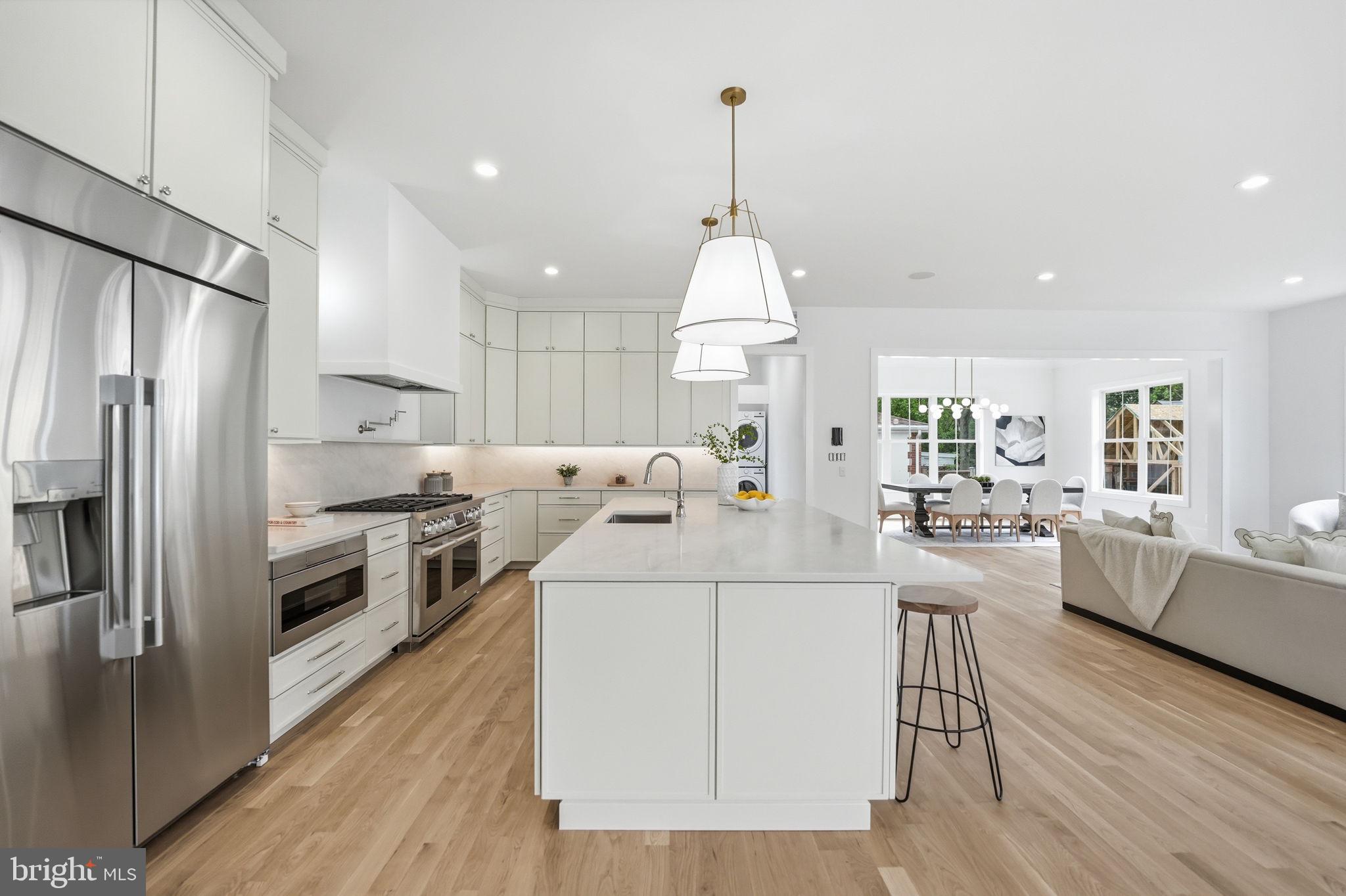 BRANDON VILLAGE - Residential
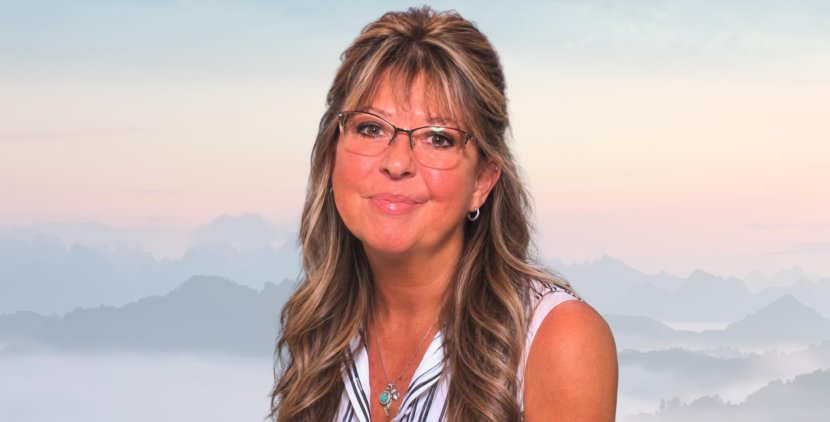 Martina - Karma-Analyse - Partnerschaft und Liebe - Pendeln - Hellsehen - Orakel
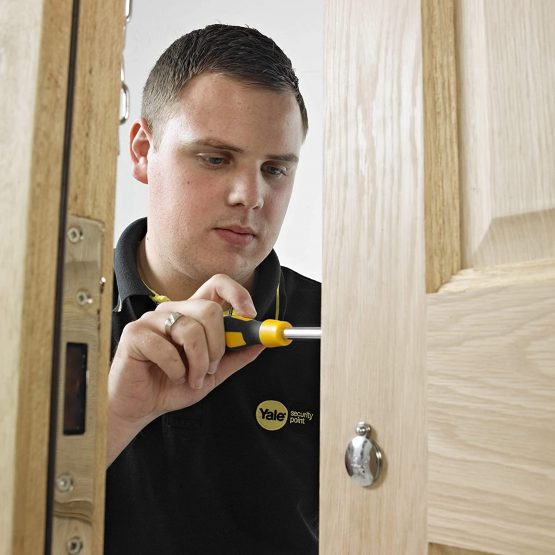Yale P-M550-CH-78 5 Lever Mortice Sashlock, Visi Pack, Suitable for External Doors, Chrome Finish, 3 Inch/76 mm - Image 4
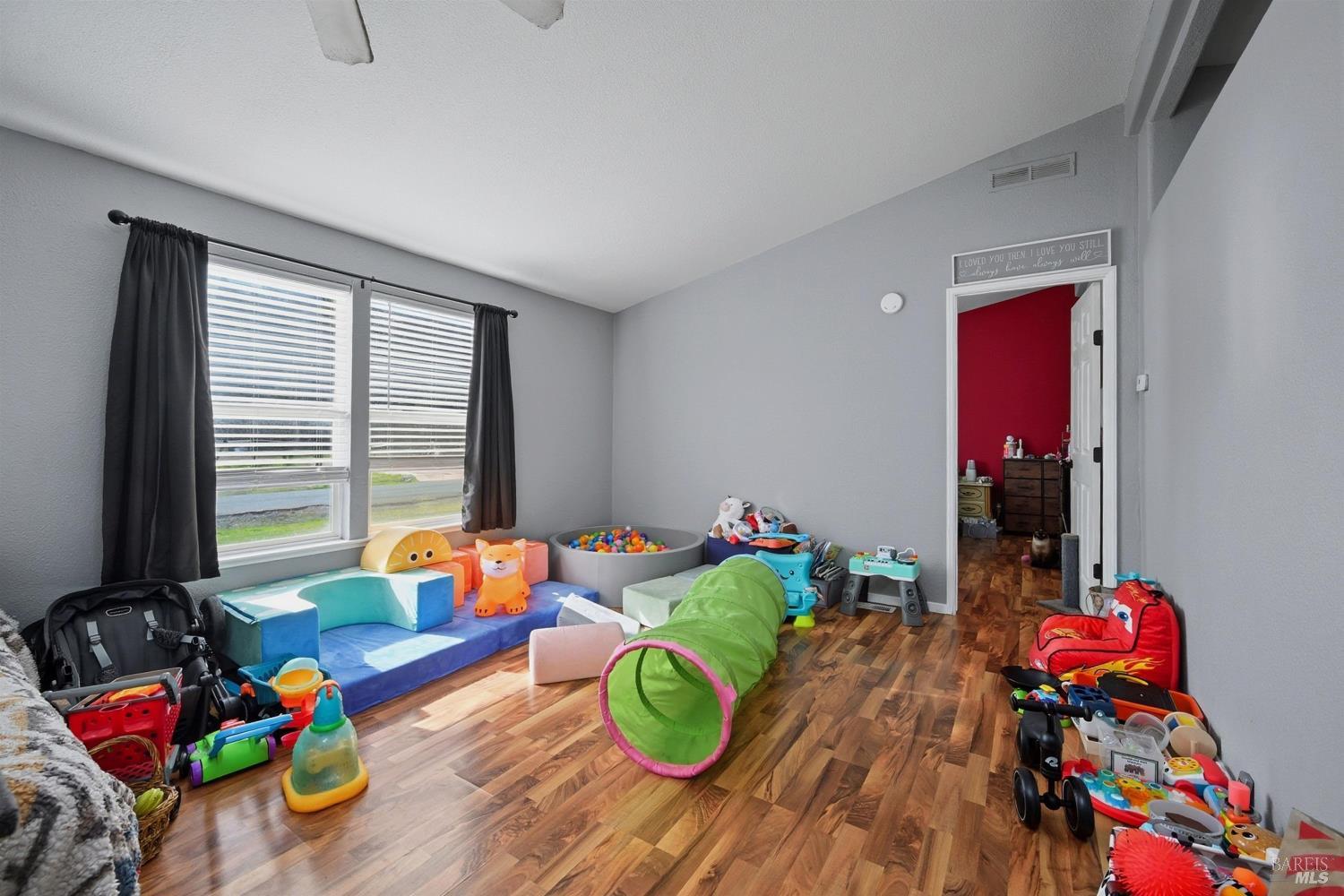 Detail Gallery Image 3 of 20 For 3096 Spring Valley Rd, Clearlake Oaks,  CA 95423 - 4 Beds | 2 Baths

- YOUR OBJECTIVE
Copy out the data above exactly, except the pictures.

- TASK SOLUTION
 BRANDON VILLAGE - Residential
 Martina - Karma-Analyse - Partnerschaft und Liebe - Pendeln - Hellsehen - Orakel
Yale P-M550-CH-78 5 Lever Mortice Sashlock, Visi Pack, Suitable for External Doors, Chrome Finish, 3 Inch/76 mm - Image 4
 Detail Gallery Image 3 of 20 For 3096 Spring Valley Rd, Clearlake Oaks,  CA 95423 - 4 Beds | 2 Baths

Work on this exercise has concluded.